Нас навестило одно из тех самых живых существ, о любви к которым он говорил и которых намеревался спасать: какой-то звук заставил нас обоих повернуть головы, одновременно обоих, и тут мы это увидели – увидели пса, неспешно входящего к нам из коридора.
Как будто и правда кто-то где-то пытался подать нам знак.
Что мы не одни в этом мире.
Это оказалась коричневая сука, метис лабрадора с белыми полосками под шеей, придававшими ей какой-то величественный вид. Она обвела комнату внимательным, чуть печальным взглядом, а потом, виляя хвостом, направилась к подносу с горкой печенья, нетерпеливо поскуливая. Орта погладил ее, почесал ее за ушами, и собака прищурилась от удовольствия, лизнув его свободную руку. Эта рука потянулась за печеньем и отправила его в собачью пасть. Смолотив печенье, собака стала отслеживать каждое движение Орты, надеясь на новое угощение. Этот первобытный ритуал не получил продолжения только потому, что его прервали две девчушки, лет восьми и девяти соответственно. Почему они оказались этой поздней зимней ночью в шикарном отеле, одетые в одинаковые пижамки с Микки-Маусом и мохнатые тапочки с принцессами? Две малышки ворвались в спальню Орты, зовя Алондру, а потом принялись смущенно извиняться за вторжение: глупый пес, вечно убегает. Орта указал на печенье, предложил им взять, сколько захотят. Девочки с радостью набрали в чумазые ладошки разные сорта: для себя, для Алондры, для остальных родных (кто бы они ни были), после чего удалились, гордясь завершением ночной вылазки. Мы слушали, как их топоток затихает, обращается в тишину, а потом звук снова начал усиливаться. Шаги приблизились, и одна из девочек, меньшая, вернулась к нам в номер с маленьким подарком.
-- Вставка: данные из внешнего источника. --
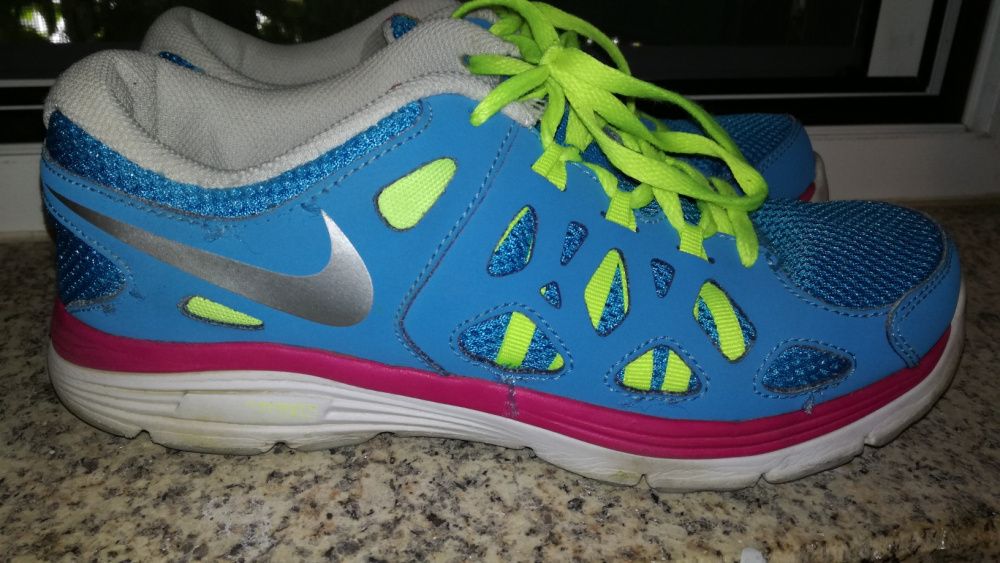 Sapatilhas Nike (última baixa de preço)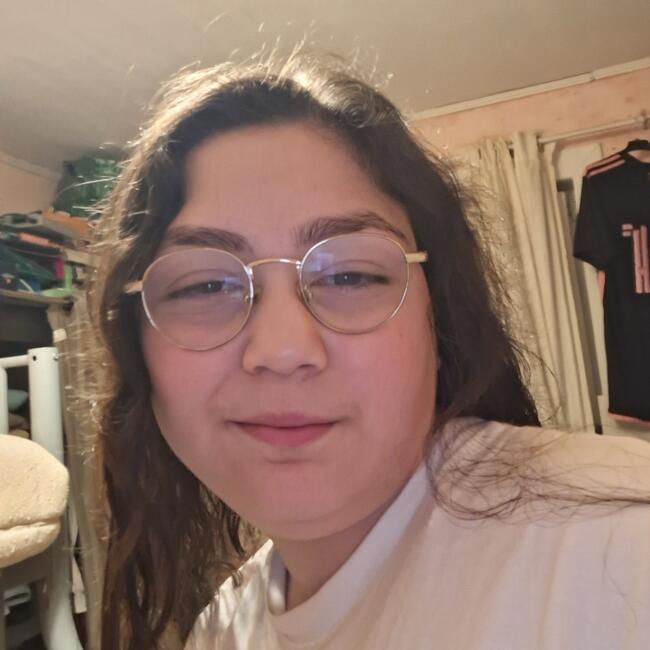 Babysitter in Monceau-sur-Sambre: Lola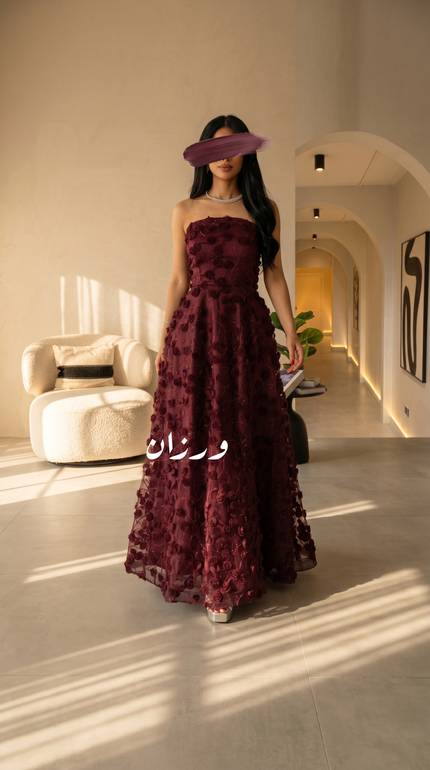 فستان سهرة نبيتي بتطريز ورد ثلاثي الأبعاد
Это оказался желудь. Она аккуратно положила его рядом с наполовину опустошенным блюдом печенья, помахала нам – и опять удалилась в ночь. Мы завороженно уставились на желудь, не решаясь нарушить очарование момента.
– Явление свыше, – наконец промолвил Орта. – Дети и животные, чего нам еще хотеть?
– И желудь, – добавил я.
– Желудь. Такие мы с вами сажали в их возрасте. Это слишком! Почти чересчур идеально, чересчур кстати, что они пришли из ночи как раз тогда, когда я… напомнить нам, иллюстрировать…
– Не надо, – попросил я. – Не пытайтесь объяснять волшебство, Джозеф. Волшебство никогда не следует объяснять.